Paris-Nice: Day 2 - Stage 3

The pros really can inspire. Ya know as a little kid, like many little kids, I use to watch my favorite team and if the sporting gods were kind my team would make a miracle comeback and seal victory for me. After the game I would head to the nearest court or field and celebrate with friends an exuberant re-enactment would follow. I know darn well we played harder in those adrenaline spiked moments than normal. It was hallucinations of pro stardom that did it.

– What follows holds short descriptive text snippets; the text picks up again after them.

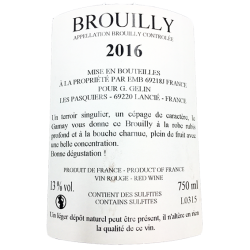 BROUILLY - Domaine des Nugues 2021-13°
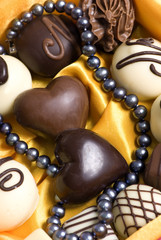 pearls and chocolate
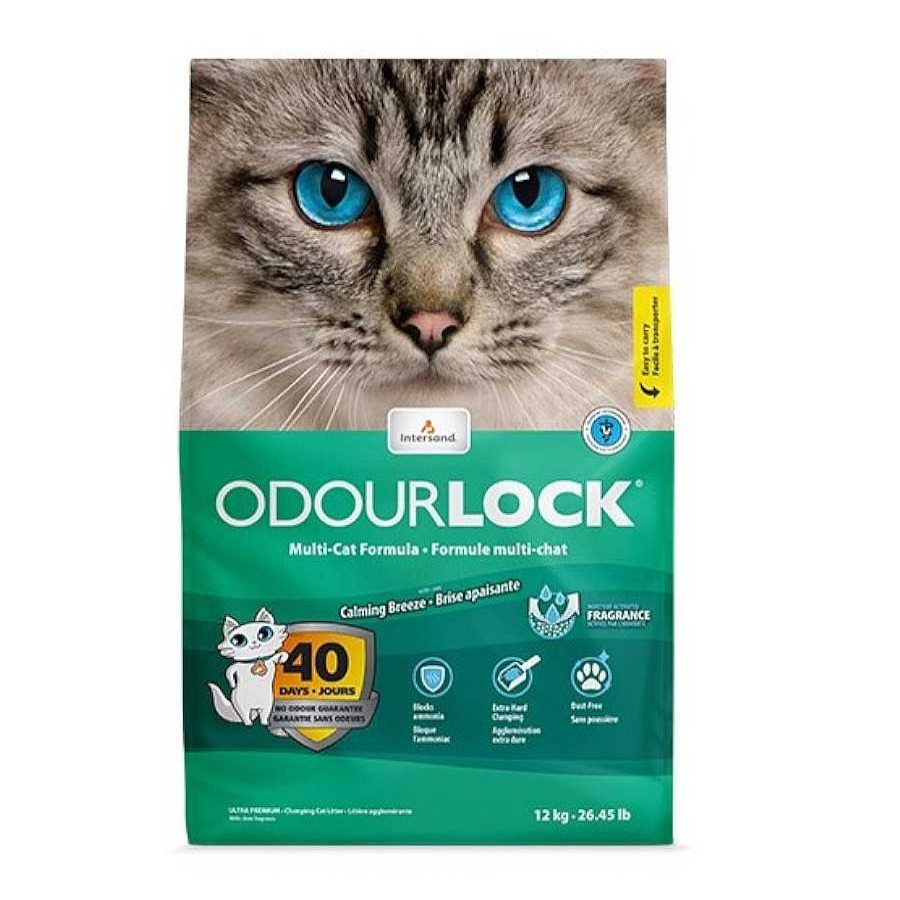 Gatos Odourlock | Intersand Odourlock Arena Aglomerante Para Gatos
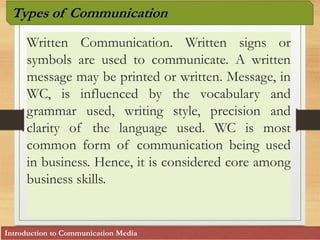 Communication Media | PDF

Growing up in the Seattle area it was the Seattle Super Sonics (until the Larry Stern highjacked the franchise for one of his crony friends and moved it to Oklahoma) and the Green Bay Packers (at least some teams pay homage to decades of childhood memories.) Today lads in lycra on machines of carbon fibre inspire my workouts (read exuberant re-enactments) to a heart rate beyond good sense.

So today was my Day 2 of getting into race shape and Stage 3 of Paris-Nice. Every year I get more enthusiastic about this race. If you have never taken the time, waiting until the "big show" in July, you are missing much more than a pre-season warmup event. Paris-Nice is much more than a week sliced out of the Tour. The race has a long, rich and colorful history peppered with all of the great names traditionally associated with the Grand Boucle - Poulidor, Merckx, Anquetil, Kelly, Jalabert. Watch it! (yes, live on Eurosport each morning)

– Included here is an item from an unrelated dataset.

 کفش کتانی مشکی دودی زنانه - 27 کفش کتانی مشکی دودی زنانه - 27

Albert Lejune, owner of two newspapers Le Petit Journal based in Paris, and Le Petit Niçois based in Nice, created Les Six Jours de la Route in 1933 to establish a link between the two newspapers. For him it was about showing the charm of La Cote d’Azur to his readers with the help of a cycling race on an innovative route. For six days at the end of the winter season, the event went through the Valley of the Rhone; avoiding carefully the Alps and its difficulties, sparingly using the hilly hinterland of Nice, to be finally used as a favourable training ground for the spring Classics. The jersey of the leader was azure and gold in colour, evoking the blue of the Mediterranee and the golden sun in Nice. - from the ASO website.

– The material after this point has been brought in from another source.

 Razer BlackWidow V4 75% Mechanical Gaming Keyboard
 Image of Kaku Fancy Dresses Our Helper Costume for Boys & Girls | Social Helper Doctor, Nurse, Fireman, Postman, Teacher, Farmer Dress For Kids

And as a workout motivator there is something sufferingly real about it. Everyday you see big names, the boys of July, suffering to find there race shape - like I feel slogging up and down Portland's west hills. It's consolation when you finish that 50 miles training ride that across the 'pond' the likes of Jens Voigt, Frank Schleck, Sammy Sanchez, Bradley Wiggins, Tony Martin, and others are also hurting.